Hungarians Risk Losing Life Savings

Hungary’s National Bank is still trying to estimate the fallout from its seizure of brokerage firm Quaestor. The company was shut down this week, the third security and investment firm to have its activities suspended within weeks.

Investigators believe it may have invested scores of billions of euros more in bonds than it was allowed to under its bond insurance program, Euronews reported.

Earlier this month, the central bank revoked the license of Buda-Cash and four small banks linked to it, saying the brokerage could not account for about 340 million euros of client cash.

Thousands of people may be affected. Last week, the National Bank of Hungary also revoked the license of a smaller brokerage: Hungaria Securities.

Every brokerage in question appears to have falsified data. Buda-Cash and Quaestor are accused of doctoring their IT systems, whereas Hungaria Securities is said to have used the old-fashioned “exercise book” method for its fraud.

  Call for Investigation

Istvan Binder, spokesman for National Bank of Hungary said: After the Buda-Cash case the National Bank of Hungary immediately realized that the whole market, even if it is just a small section, has to be examined very quickly. So we decided to start a range of investigations on the spot at other brokerage companies as well.”

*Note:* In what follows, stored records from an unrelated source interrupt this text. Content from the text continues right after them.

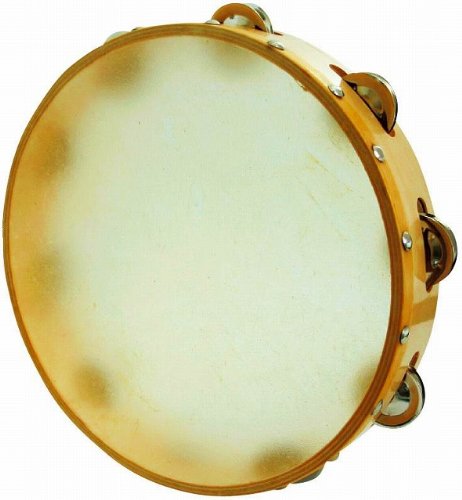 皮付タンバリン 片張り タンブリン TMC-24（直径24cm）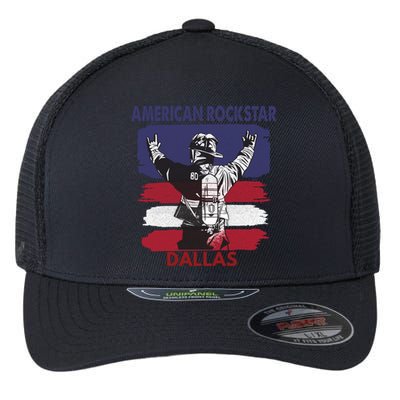 American Rockstar Dallas Texas Gift For Firefighter Cool Gift Flexfit Unipanel Trucker Cap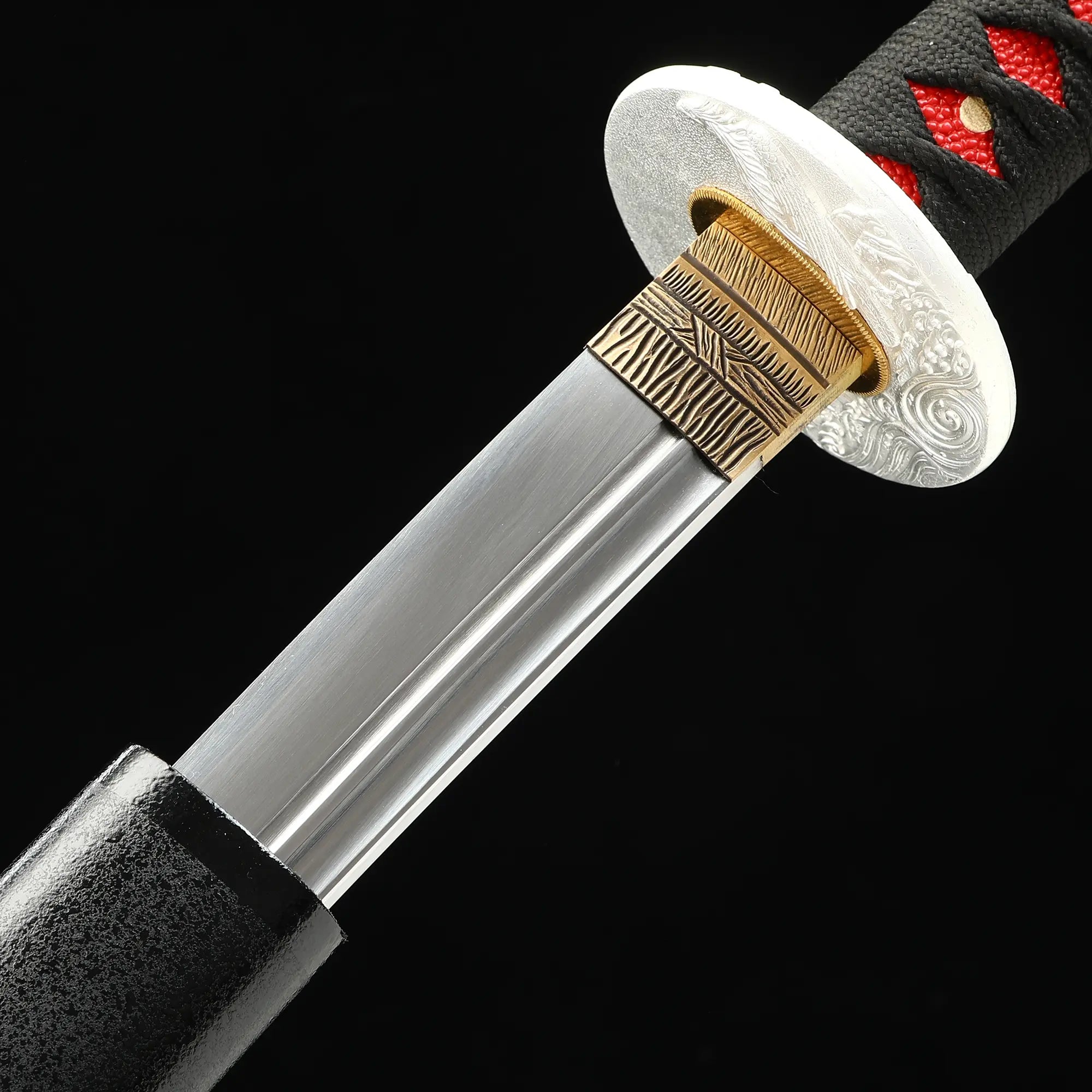 Handmade Full Tang Japanese Katana Sword T10 Carbon Steel With Real Hamon Blade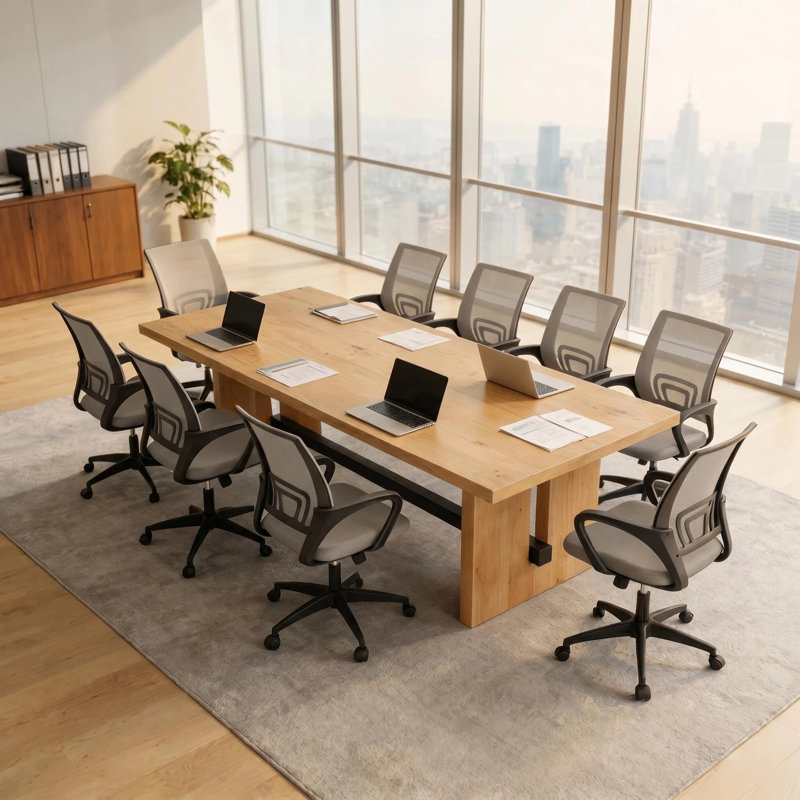 Table de conférence industrielle en bois massif avec 8 chaises de bureau ergonomiques en filet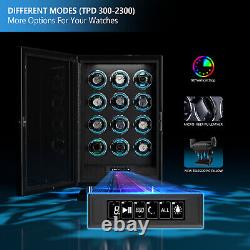 Automatic 12 Watch Winder Storage Display Case Box LCD Touch Screen Display RGB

Economic journalist Andras Mihalovits told euronews that the consequences may be disastrous if those few people who have investments lose their trust and take out their money from all the brokerage companies.

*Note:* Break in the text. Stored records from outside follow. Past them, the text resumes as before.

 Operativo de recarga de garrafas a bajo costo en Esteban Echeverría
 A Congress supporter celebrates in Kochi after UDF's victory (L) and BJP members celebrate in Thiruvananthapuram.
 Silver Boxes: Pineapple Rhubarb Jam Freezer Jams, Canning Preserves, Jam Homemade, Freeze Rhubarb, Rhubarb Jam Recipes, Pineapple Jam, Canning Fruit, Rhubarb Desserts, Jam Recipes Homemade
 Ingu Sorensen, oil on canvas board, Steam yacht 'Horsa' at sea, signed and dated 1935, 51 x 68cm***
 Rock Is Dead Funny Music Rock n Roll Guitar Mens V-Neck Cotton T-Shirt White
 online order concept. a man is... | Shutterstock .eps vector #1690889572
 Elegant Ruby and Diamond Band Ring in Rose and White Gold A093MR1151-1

“I think the consequences will be extremely serious. Basically the Hungarian investors, and there are not many of them, can lose their trust in the brokerage companies, no matter if it is a small, independent firm of a big company with a huge, international bank in its background.”

  Pretrial Arrests

The prosecutor’s office of Budapest on Wednesday ordered pretrial custody of three people involved in a criminal investigation into alleged fraud that has caused significant damage at Hungarian brokerage Buda-Cash Brokerhaz Zrt.

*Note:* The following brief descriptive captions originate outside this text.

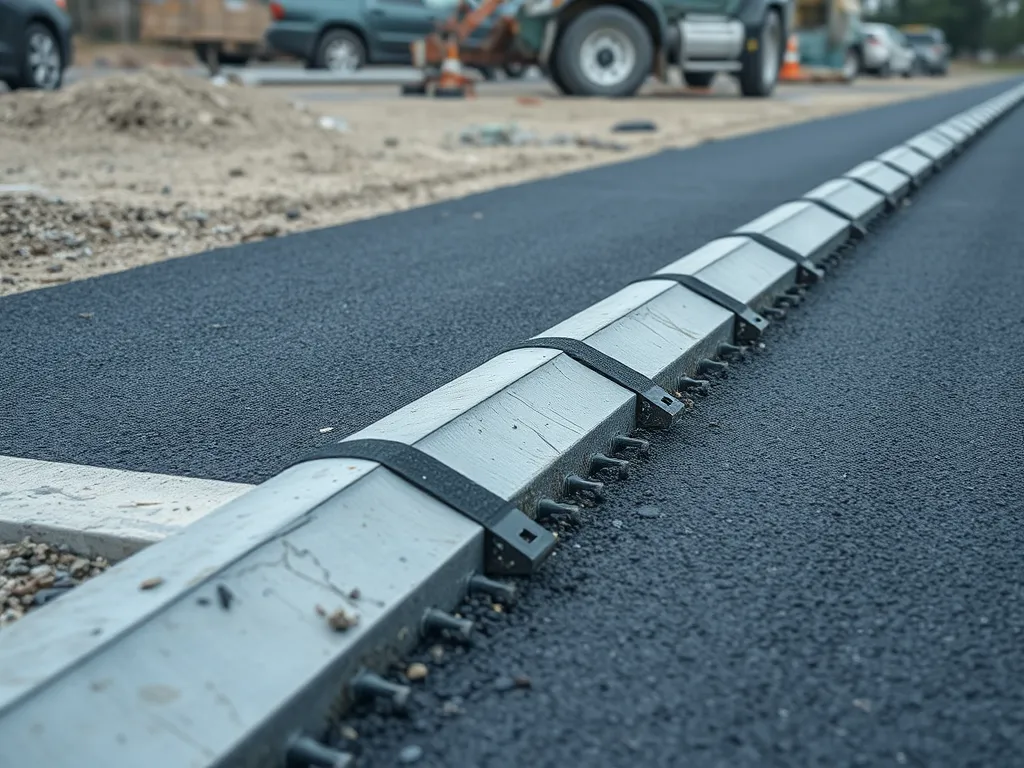 Edge restraint system supporting asphalt pavement during installation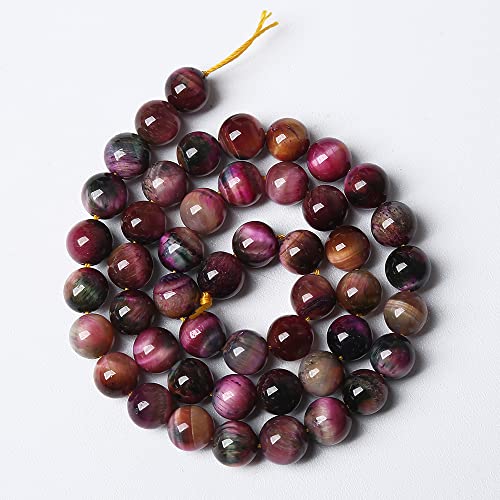61pcs 6mm Top AAA Natural Tiger Eye Beads for Jewelry Making Rose Red Starry Sky Tiger Eye Stone Round Loose Beads DIY Bracelet Necklace Earrings (16 Count)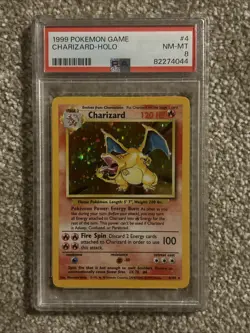 1999 Pokemon Game Charizard Holo PSA 8 NMMT - Image 1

Up to 75 billion forints ($264 million) is missing at Buda-Cash and a further 30 billion forints at four small banks linked to it, Istvan Binder, a central bank spokesman, told The Wall Street Journal Wednesday.

The brokerage’s woes have raised concerns for the stability of the Hungarian financial system. The local fraud investigations added to the Hungarian forint’s volatility in recent days when emerging-market currencies saw significant declines as investors have become more convinced the US will start raising interest rates by midyear.

The central bank believes the troubles of the four small banks involved in the Buda-Cash investigation don’t pose a systemic risk to the country’s financial sector. Based on their combined assets, they account for a marginal part of the banking sector and their market share is some 0.5%, Binder said.